On this prematurely cold September night, he was equal parts performer, storyteller, rapper and pianist. He performed mostly from 2004’s Solo Piano. Solo Piano is not a classical expedition, but is rather fairytale-like in consistency, fluttery and whimsical. A lot of Gonzales’ music sounds like it should be placed along the soundtrack of a black and white film or something set in the 1950s, while other tracks take on a distinct blues drawl. As a producer, he’s dabbled with ABBA-esque and disco-tinged rhythms, having worked with some major acts including Peaches and Jane Birkin. Gonzales was also heavily involved in the production and songwriting of Feist’s two chart-topping albums, Let it die and The Reminder. A deluxe edition of Solo Piano was recently released alongside his DVD From Major to Minor. If you haven’t seen Gonzales live, watching these jam sessions featuring the likes of Jamie Lidell, Mocky and Feist will give you an introduction to the theatric spectacle some of us are privy to at his concerts.

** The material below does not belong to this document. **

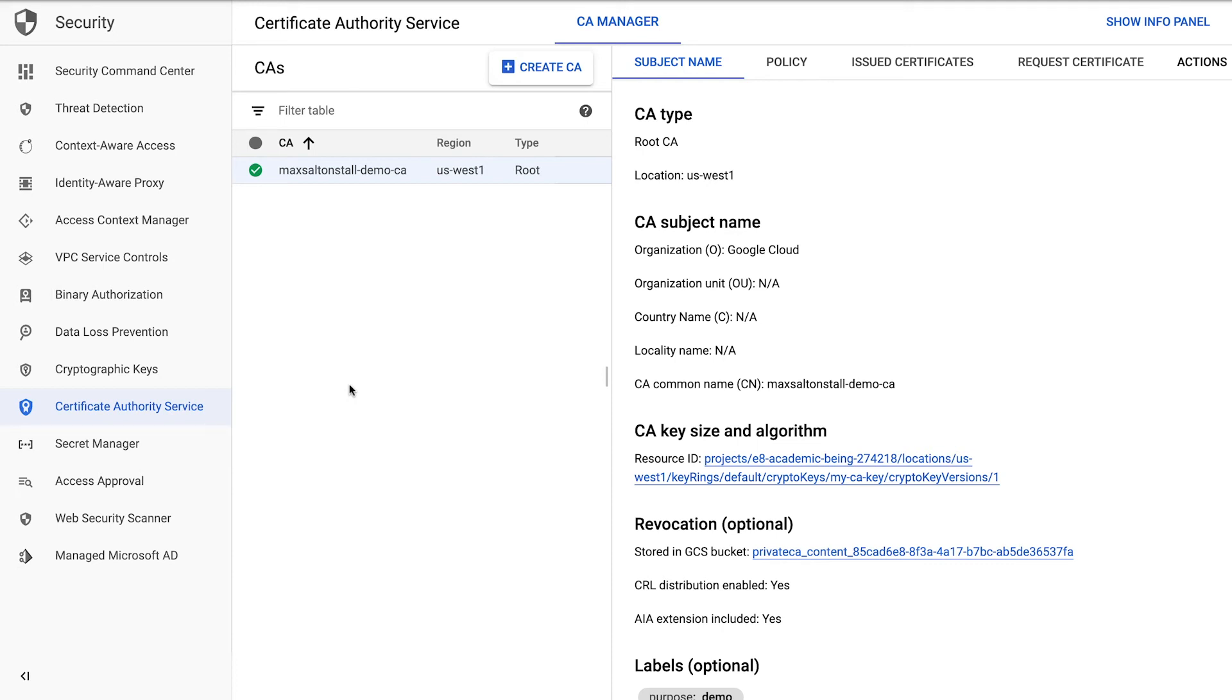Let's request a certificate for my fictional Get Snacks to Joggers on the Go company, Eat and Run. Choose the authority you want to use and click Request Certificate.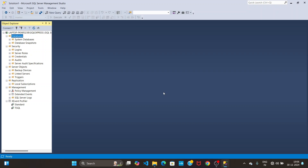In this video I'm going to teach you how to configure ODBC to access Microsoft SQL Server. First, you need to open Microsoft SQL Server.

One would wonder if he suffers from an insecurity derived from the success of his collaborative partners a la Feist and Peaches. At one point during the show, he asked his audience if they could even hum or recognize the songs from his Solo Piano album, daring us to admit or confess that we came for a short glimpse at Feist—who did show up for a couple of songs early in the night. He regaled us with anecdotes of attempts to land shows in Toronto and made several sweeping statements, betraying his own struggles in the music industry which propelled him to settle in Europe, otherwise touching on the strength and tough skin he has built from years of constructing his international identity. The times when he used lyrics also expressed his complexes with more than a few lines saying things like, “Why can’t anybody like me?” and “I want to be loved and hated in equal amounts.” He makes you wonder if he received much affection as a child or if he is just a tad bitter against Torontonians.

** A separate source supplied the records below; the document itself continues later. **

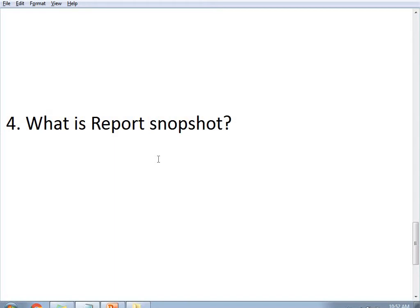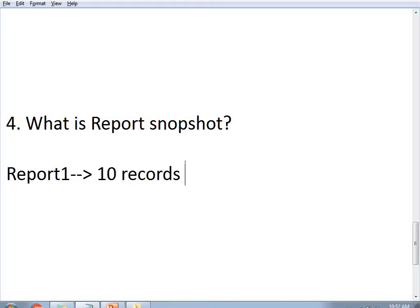A report snapshot is an instance of a report for future reference at a particular point in time. For example, suppose I observe data in a report — Report 1 — which contains 10 records. I want to see the same data tomorrow and the day after as well, but I am concerned the data may vary. So I create a snapshot and keep it on the report server. Whenever I access this report, I will get those 10 records because I am accessing data from the report snapshot.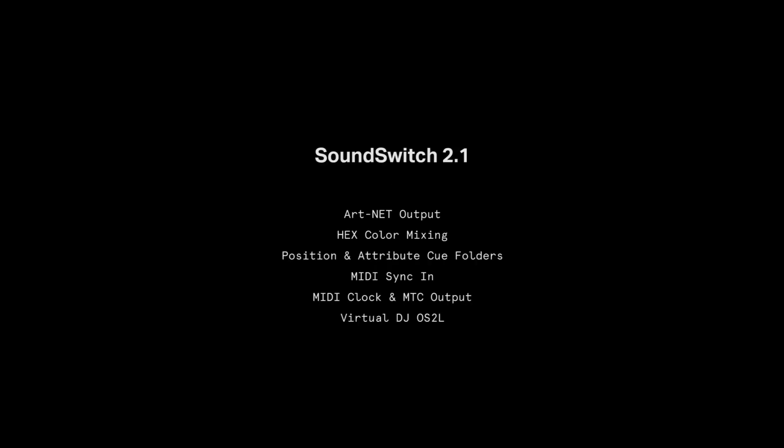In this video, we will show you what's new in version 2.1 of the software. SoundSwitch 2.1 includes ArtNet support, hex color mixing, position and attribute cue folders, MIDI sync in, MIDI clock and MTC output, and support for Virtual DJ's OS2L protocol.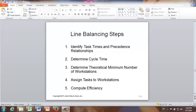Line balancing is a very useful technique in operations management. In this video, I'm going to use an example to show you how line balancing works. In general, line balancing takes five steps. First, we are going to identify task times and precedence relationships.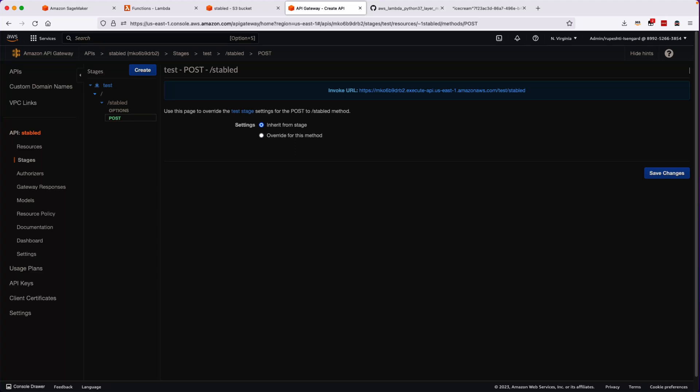In our previous video we created the POST method in the API Gateway to invoke the AWS Lambda function. In this video we will go ahead and invoke the API Gateway by Postman or some kind of tool which we can use from the local machine and see whether we are able to fetch the image out of the AWS API Gateway.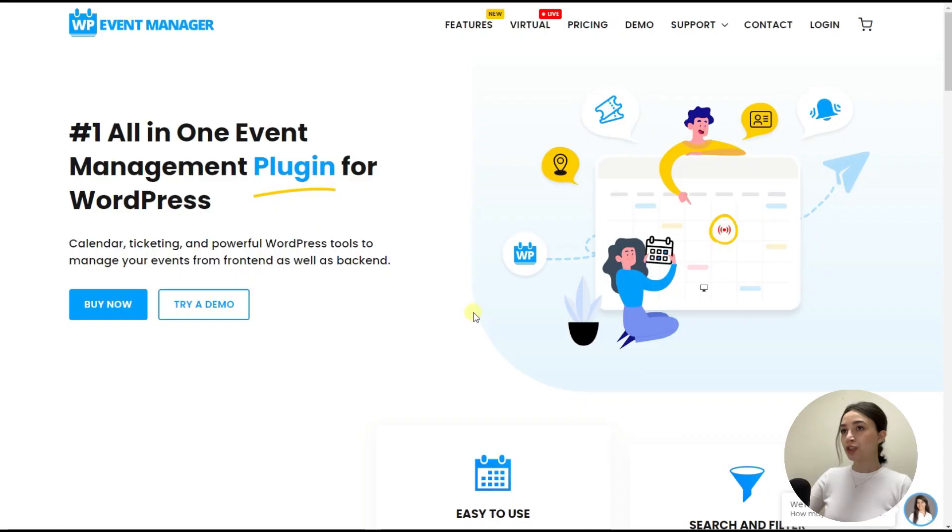What's up, YouTube and WordPress community? In this video, we are going to have a quick overview on WP Event Manager plugin, which is a plugin for seamless event management. So without wasting your time, let's dive right into the video.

Gonzales played with the fervor, concentration and staccato extremes I love to see in a pianist, face scrunched and intent on his keys. He would begin heavy and foreboding, admitting to an affinity for minor chords since major chords are “oppressive” and meant to “indoctrinate our youth.” A lot of his songs do, however, end or begin with the delicate, fairydust sound one might hear as a character drifts into a dream or fantasy in a movie. He fluctuates between compositions from his own albums and classic piano covers like the Eagles “Hotel California,” but with a minor take, of course. In a live environment, he has been known to pull out a series of tricks from his sleeve, on this occasion choosing a melodica and the stomping bass of his foot to replace traditional percussion. Though he is known for being experimental and even too eclectic for some tastes, the one thing that’s always reliable is the high energy and focus steeped in every song. I would go so far as to say this self-proclaimed “ingenie musical” (musical genius, en Francais) was consistently “on” throughout the night, never letting his audience get bored.

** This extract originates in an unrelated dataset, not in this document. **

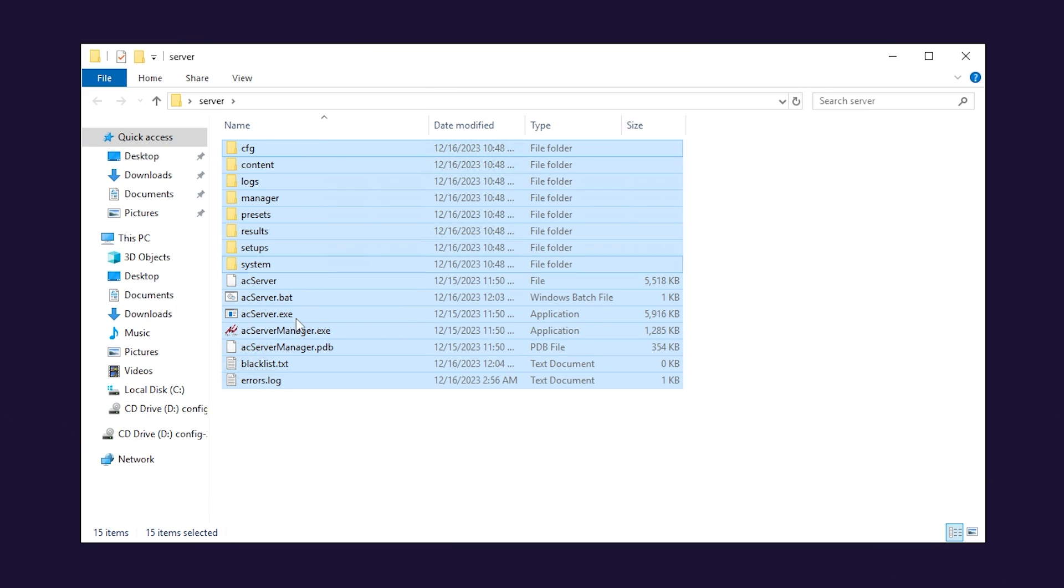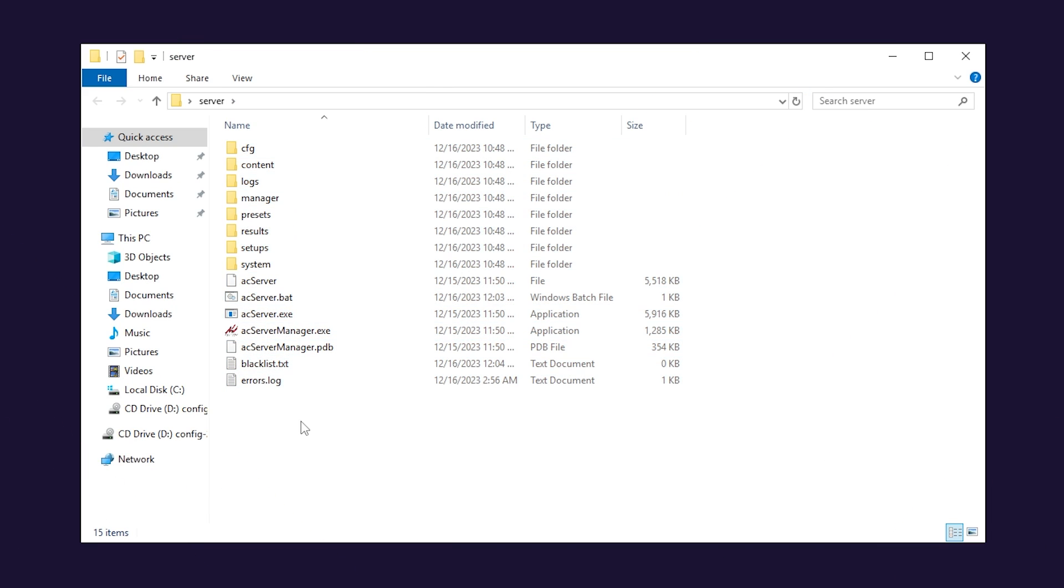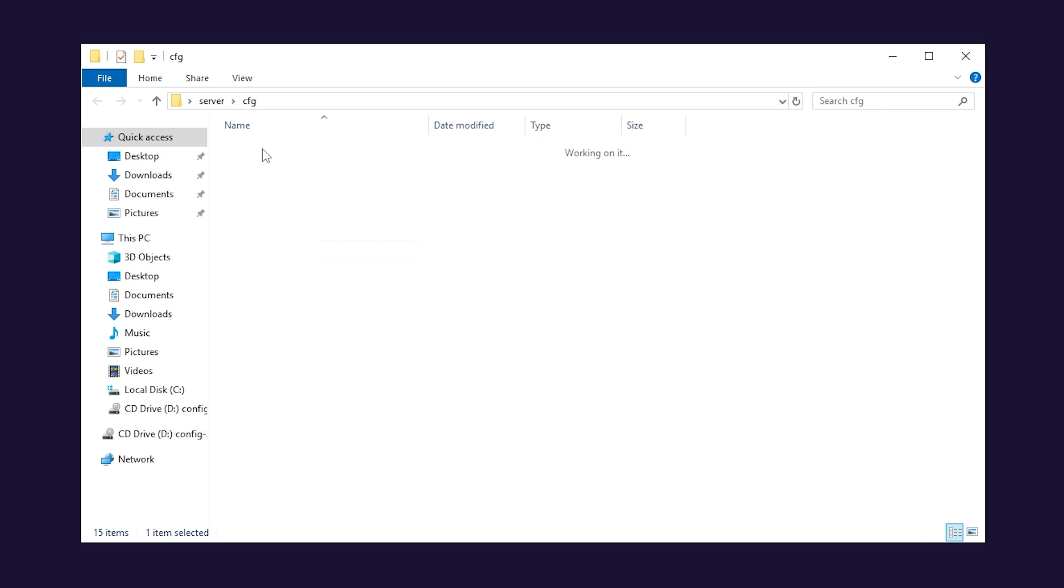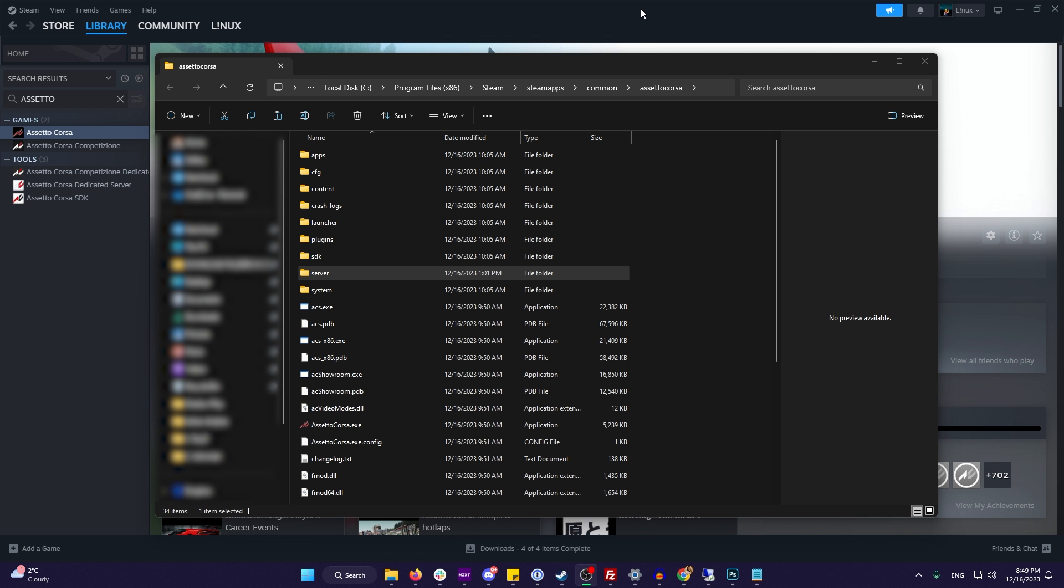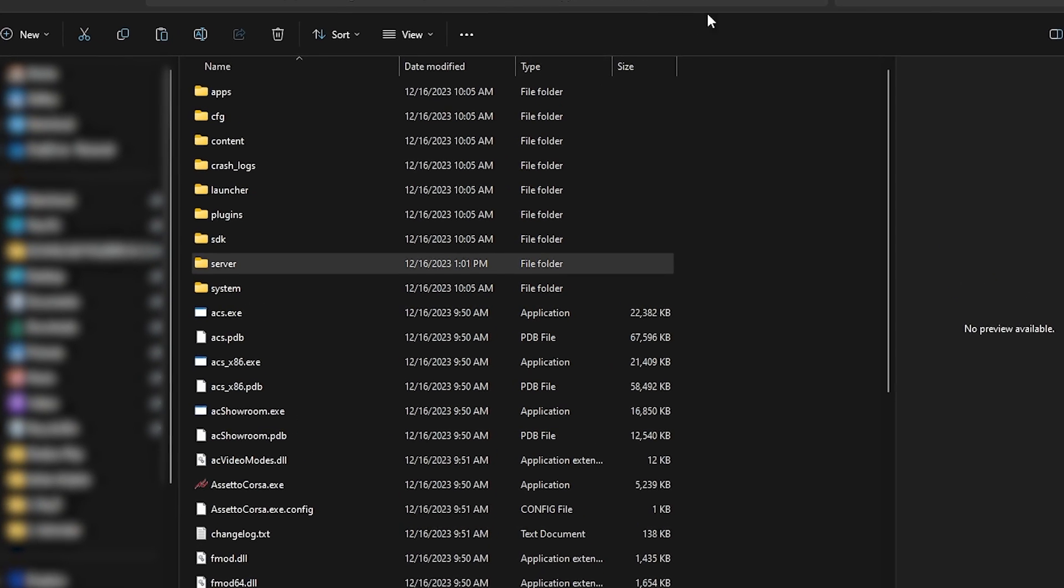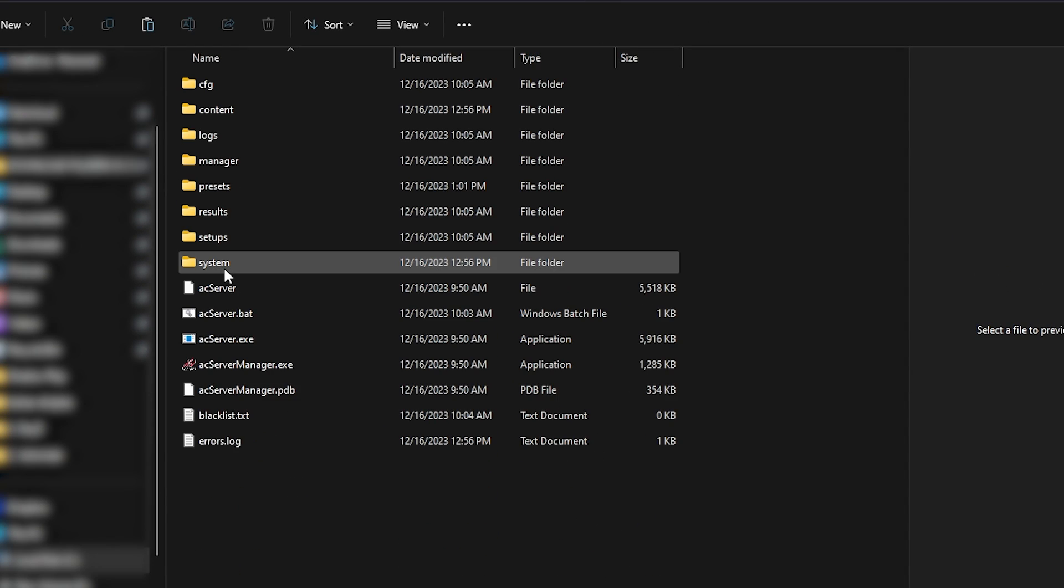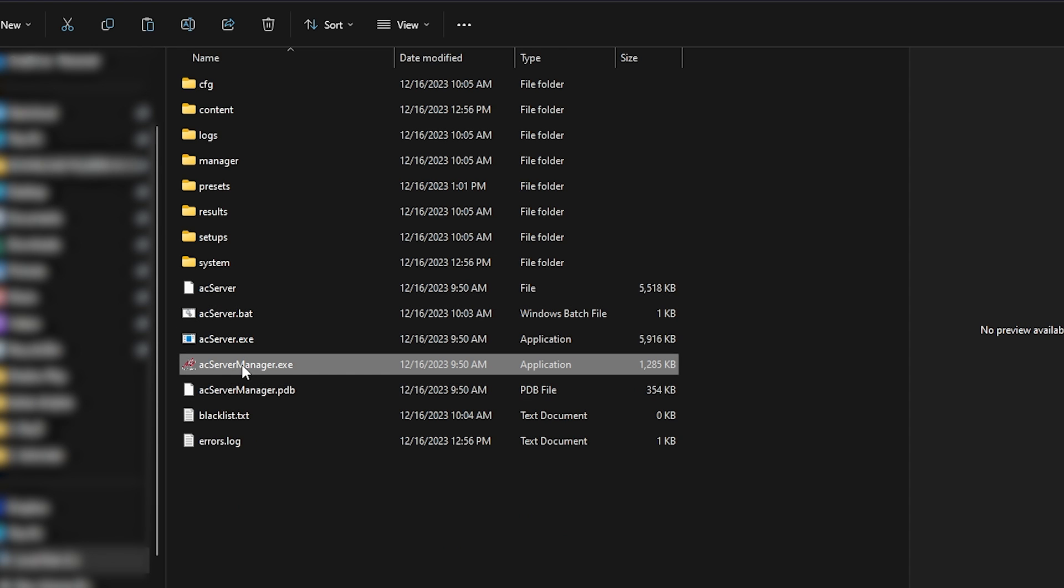You will now need to configure the server to your liking by replacing the config files that can be found by opening the server folder and then CFG. So for now, simply close the VPS window and navigate back to your PC Assetto Corsa files.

Feist’s not-so-surprising cameo was received happily by the audience. She playfully came onstage behind Gonzales, letting him play the music as she sat atop the piano serenading him. There was a friendly romance between them, and I could swear Gonzales grew bashful under the gaze of Feist’s batting eyelashes while crooning a Nina Simone and Nat King Cole favourite, “Where Can I Go Without You?” They went on with a jazzy cover of the booty-shaking hip hop song “Oops” by Tweet, Fabolous and Missy Elliot. The two have excellent onstage chemistry, joking around about the possibility of Gonzales moving back to Toronto from Berlin and becoming an apologetic musician like so many other Canadian songwriters.
Gonzales was as much there for the music as he was for the sake of wooing his crowd with offhanded banter, so if you’re looking for a calm piano bar show, you’ll need to go elsewhere. The gloves have left me baffled. I wonder, are they a super-absorbent addition for the sake of perspiring hands or is it just another aspect of his super villain persona?